Data excerpts:

__________________________________________________

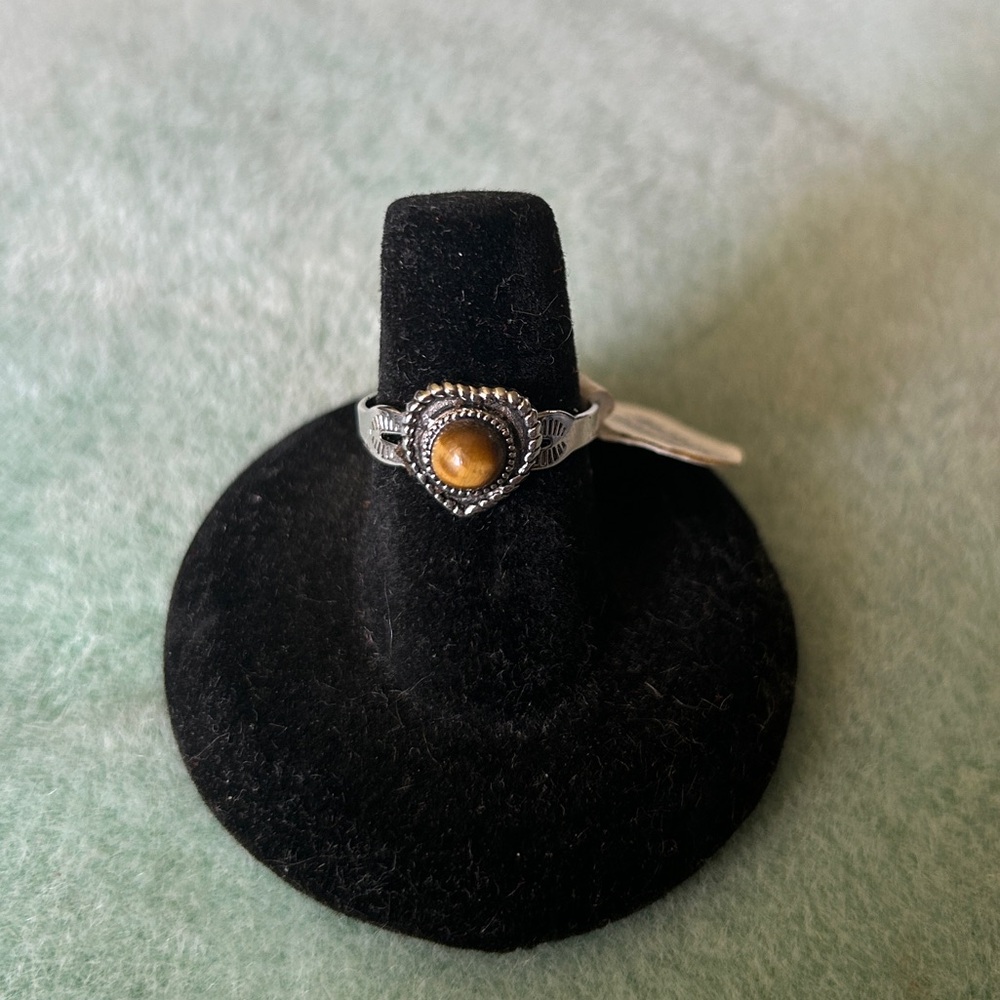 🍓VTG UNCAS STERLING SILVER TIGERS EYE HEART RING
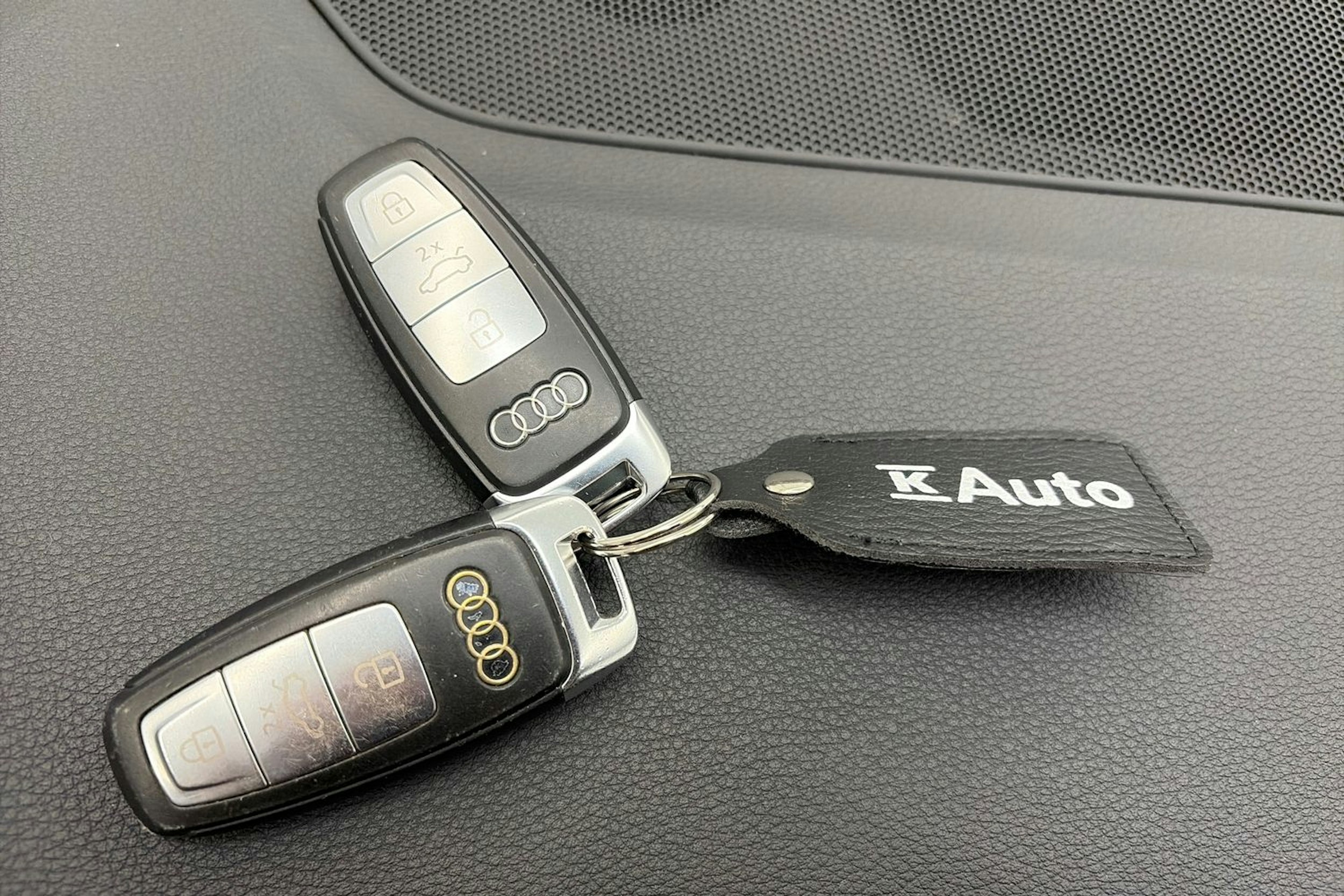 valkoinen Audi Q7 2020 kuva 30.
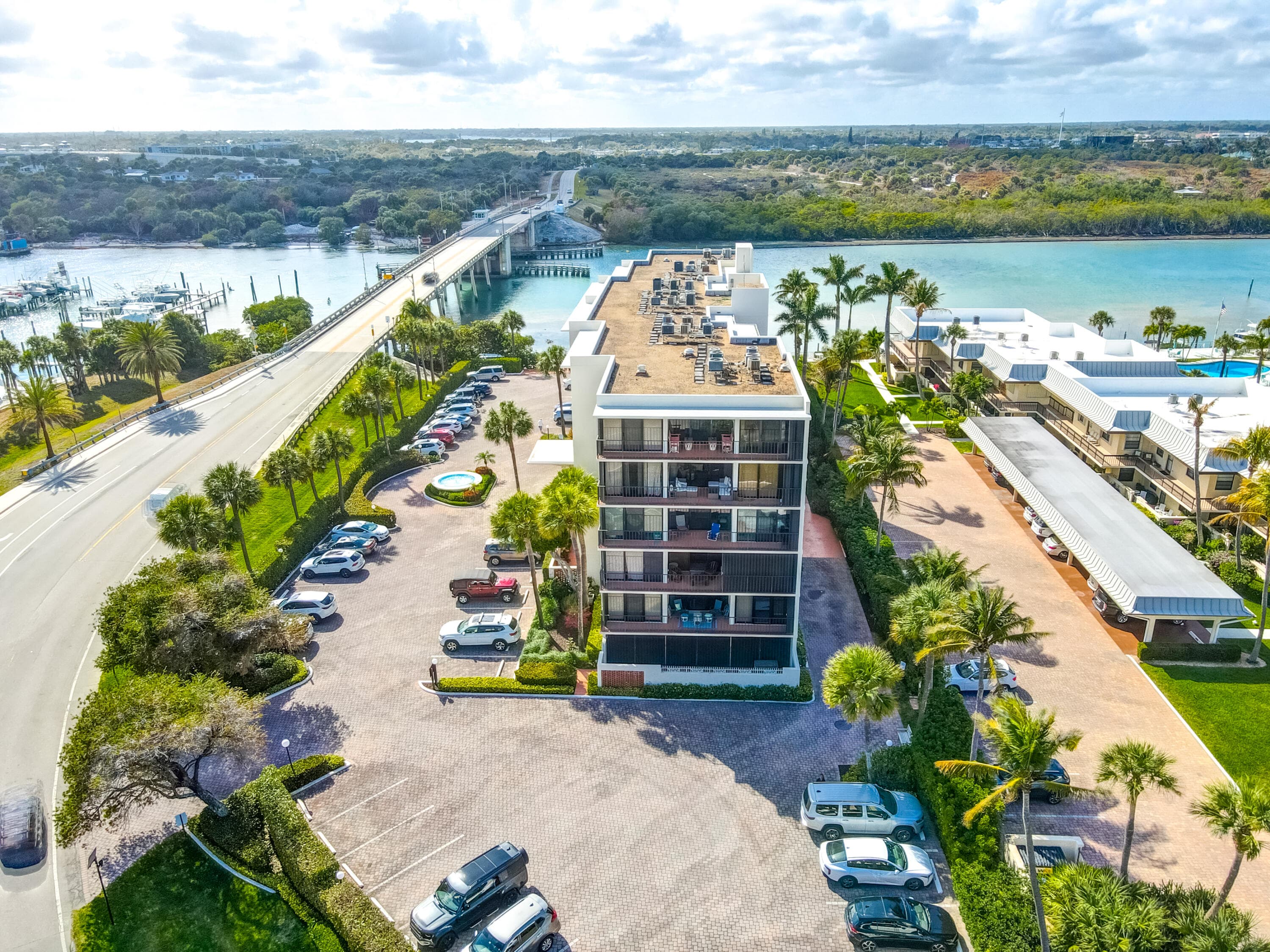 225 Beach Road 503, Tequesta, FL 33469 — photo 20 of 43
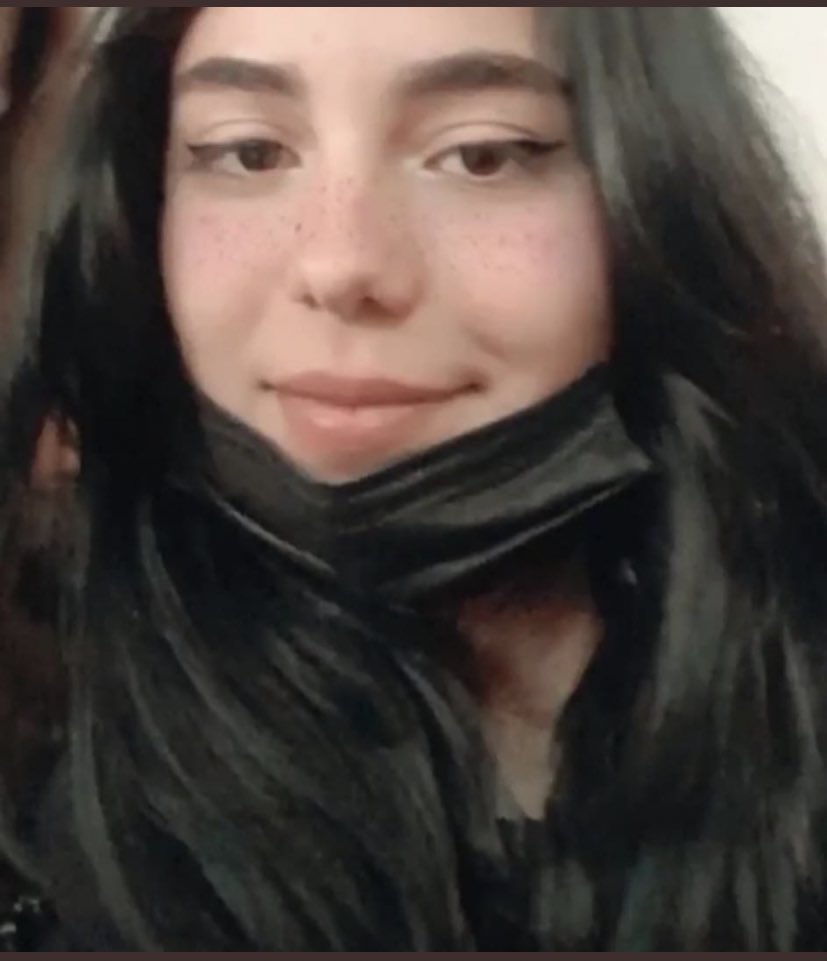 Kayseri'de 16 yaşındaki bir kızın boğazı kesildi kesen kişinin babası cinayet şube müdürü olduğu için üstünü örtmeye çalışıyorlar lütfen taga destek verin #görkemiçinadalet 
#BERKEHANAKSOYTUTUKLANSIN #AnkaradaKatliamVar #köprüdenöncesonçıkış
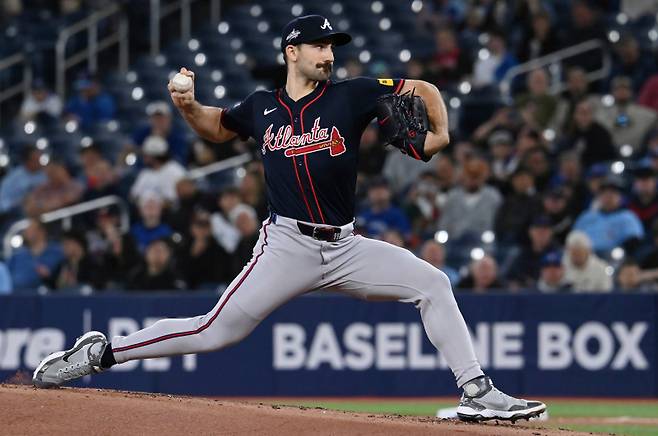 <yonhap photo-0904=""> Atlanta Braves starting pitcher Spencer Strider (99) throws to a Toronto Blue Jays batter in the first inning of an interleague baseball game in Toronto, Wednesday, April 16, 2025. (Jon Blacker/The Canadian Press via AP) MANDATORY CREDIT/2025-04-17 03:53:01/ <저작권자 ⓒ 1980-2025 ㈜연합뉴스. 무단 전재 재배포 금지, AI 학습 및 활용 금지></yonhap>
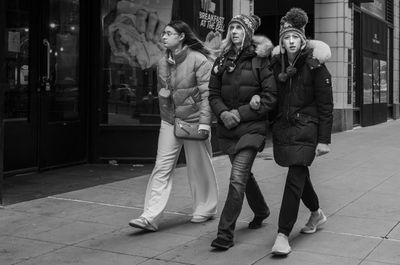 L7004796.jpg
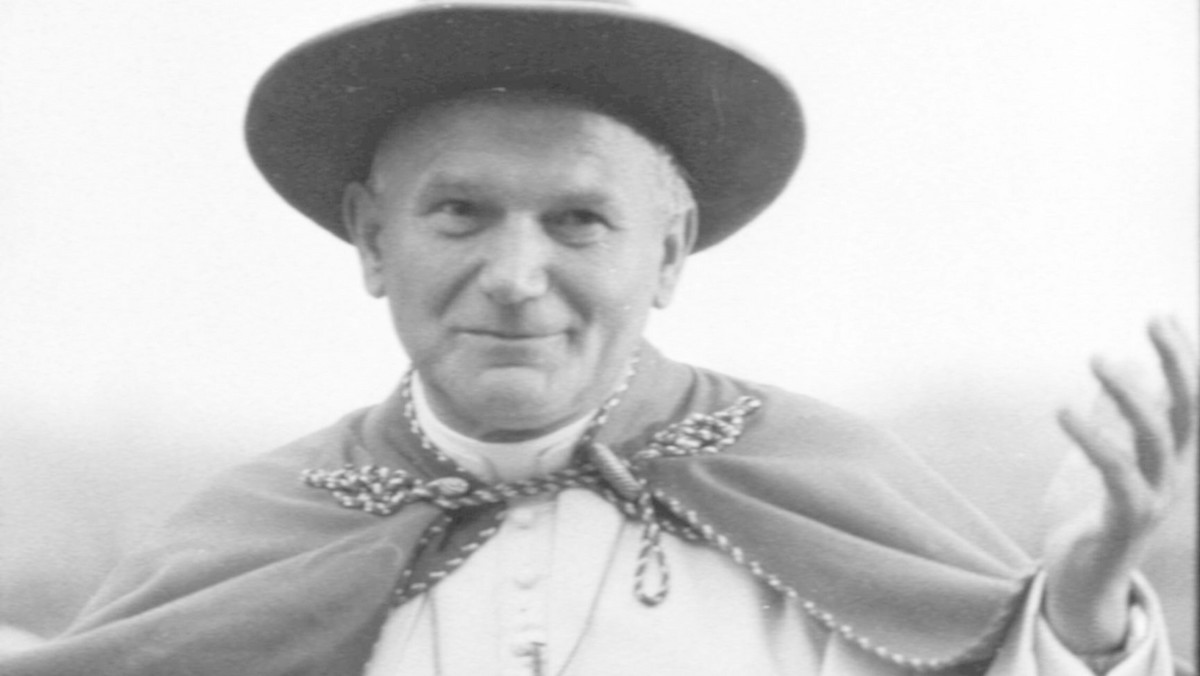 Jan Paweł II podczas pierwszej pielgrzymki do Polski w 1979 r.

__________________________________________________

## What is required
Copy the data word for word, no pictures.

## Solution
 🍓VTG UNCAS STERLING SILVER TIGERS EYE HEART RING
 valkoinen Audi Q7 2020 kuva 30.
 225 Beach Road 503, Tequesta, FL 33469 — photo 20 of 43
 Kayseri'de 16 yaşındaki bir kızın boğazı kesildi kesen kişinin babası cinayet şube müdürü olduğu için üstünü örtmeye çalışıyorlar lütfen taga destek verin #görkemiçinadalet 
#BERKEHANAKSOYTUTUKLANSIN #AnkaradaKatliamVar #köprüdenöncesonçıkış
 <yonhap photo-0904=""> Atlanta Braves starting pitcher Spencer Strider (99) throws to a Toronto Blue Jays batter in the first inning of an interleague baseball game in Toronto, Wednesday, April 16, 2025. (Jon Blacker/The Canadian Press via AP) MANDATORY CREDIT/2025-04-17 03:53:01/ <저작권자 ⓒ 1980-2025 ㈜연합뉴스. 무단 전재 재배포 금지, AI 학습 및 활용 금지></yonhap>
 L7004796.jpg
 Jan Paweł II podczas pierwszej pielgrzymki do Polski w 1979 r.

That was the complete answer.